Section 11.    Source and Amount of Funds

         Assuming the Company purchases the maximum of 1,000,000 shares that we are obligated to purchase pursuant to the offer at a purchase price of $20.00 per share, the Company expects the maximum aggregate cost to be approximately $20,288,000, including estimated fees and expenses of approximately $288,000. If as many as 1,225,000 shares are tendered under the offer and the Company elects to purchase all of the additional 225,000 shares, the Company expects the maximum aggregate cost to be approximately $24,806,000, including estimated fees and expenses of approximately $306,000.

         The Company intends to fund approximately $15,000,000 of the purchase of shares pursuant to the offer and the payment of related fees and expenses by applying cash and investments currently held by the Company and dividends to be paid to the Company by its subsidiaries during February and March 2003.

         If the Company requires more than $15,000,000 in order to purchase shares validly tendered under the offer and pay related fees and expenses, the Company expects to finance the additional funds requirements by drawing against a $10,000,000 revolving line of credit that it proposes to establish with Bank One, N.A., Chicago, Illinois (“Bank One”).

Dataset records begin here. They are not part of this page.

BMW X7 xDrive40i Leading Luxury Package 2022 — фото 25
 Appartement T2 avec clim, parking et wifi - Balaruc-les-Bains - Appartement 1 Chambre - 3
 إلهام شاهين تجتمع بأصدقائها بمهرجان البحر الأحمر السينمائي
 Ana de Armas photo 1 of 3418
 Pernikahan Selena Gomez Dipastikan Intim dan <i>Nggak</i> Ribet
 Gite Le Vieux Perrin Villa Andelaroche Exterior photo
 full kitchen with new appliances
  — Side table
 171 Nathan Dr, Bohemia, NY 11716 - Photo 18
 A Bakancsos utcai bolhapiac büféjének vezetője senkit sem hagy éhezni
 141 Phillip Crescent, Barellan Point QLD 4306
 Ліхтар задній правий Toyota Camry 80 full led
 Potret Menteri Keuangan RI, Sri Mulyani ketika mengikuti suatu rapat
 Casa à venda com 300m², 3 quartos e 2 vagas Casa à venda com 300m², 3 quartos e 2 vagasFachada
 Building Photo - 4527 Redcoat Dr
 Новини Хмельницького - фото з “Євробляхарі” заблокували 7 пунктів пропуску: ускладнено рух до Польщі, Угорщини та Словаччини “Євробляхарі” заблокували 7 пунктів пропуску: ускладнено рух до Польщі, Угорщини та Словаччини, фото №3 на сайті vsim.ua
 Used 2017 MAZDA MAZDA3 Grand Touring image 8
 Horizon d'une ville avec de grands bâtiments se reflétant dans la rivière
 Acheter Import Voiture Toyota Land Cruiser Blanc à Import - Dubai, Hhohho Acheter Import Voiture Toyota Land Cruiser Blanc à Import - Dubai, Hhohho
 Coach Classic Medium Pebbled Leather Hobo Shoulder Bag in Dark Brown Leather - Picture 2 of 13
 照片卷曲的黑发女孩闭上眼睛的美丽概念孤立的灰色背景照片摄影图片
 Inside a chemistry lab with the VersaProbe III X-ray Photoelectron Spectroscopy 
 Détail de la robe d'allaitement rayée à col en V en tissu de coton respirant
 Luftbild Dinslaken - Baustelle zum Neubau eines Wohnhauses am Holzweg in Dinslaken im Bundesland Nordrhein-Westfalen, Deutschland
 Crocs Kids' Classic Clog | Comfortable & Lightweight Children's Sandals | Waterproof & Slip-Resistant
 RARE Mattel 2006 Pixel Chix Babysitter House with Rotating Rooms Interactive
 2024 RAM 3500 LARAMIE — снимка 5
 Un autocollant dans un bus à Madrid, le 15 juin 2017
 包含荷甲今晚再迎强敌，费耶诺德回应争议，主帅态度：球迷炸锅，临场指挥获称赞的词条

Bank One has issued a commitment letter to the Company to establish the revolving line of credit for the purpose of funding stock repurchases and working capital needs, with a proposed maturity date for the repayment of principal and all accrued unpaid interest of two years from the date of establishment. In accordance with that commitment letter, interest on the unpaid balance of the loan is expected to be payable quarterly at a rate of 90-day LIBOR plus 125 basis points and there is expected to be a commitment fee on the unused balance of 15 basis points per annum. Establishment of the credit facility is subject to the execution and delivery of a mutually acceptable loan agreement, which is expected to include usual and customary covenants, including an agreement by the Company not to incur other debt without Bank One’s consent, an agreement that the Company will not pledge to others its investments in its subsidiaries, and an agreement to maintain its capital and the capital of its subsidiaries at “well capitalized” levels as that term is defined by bank regulatory agencies.

         The Company expects to repay any amounts advanced to it by Bank One under the line of credit on or before its maturity through future dividends to be received from its subsidiaries.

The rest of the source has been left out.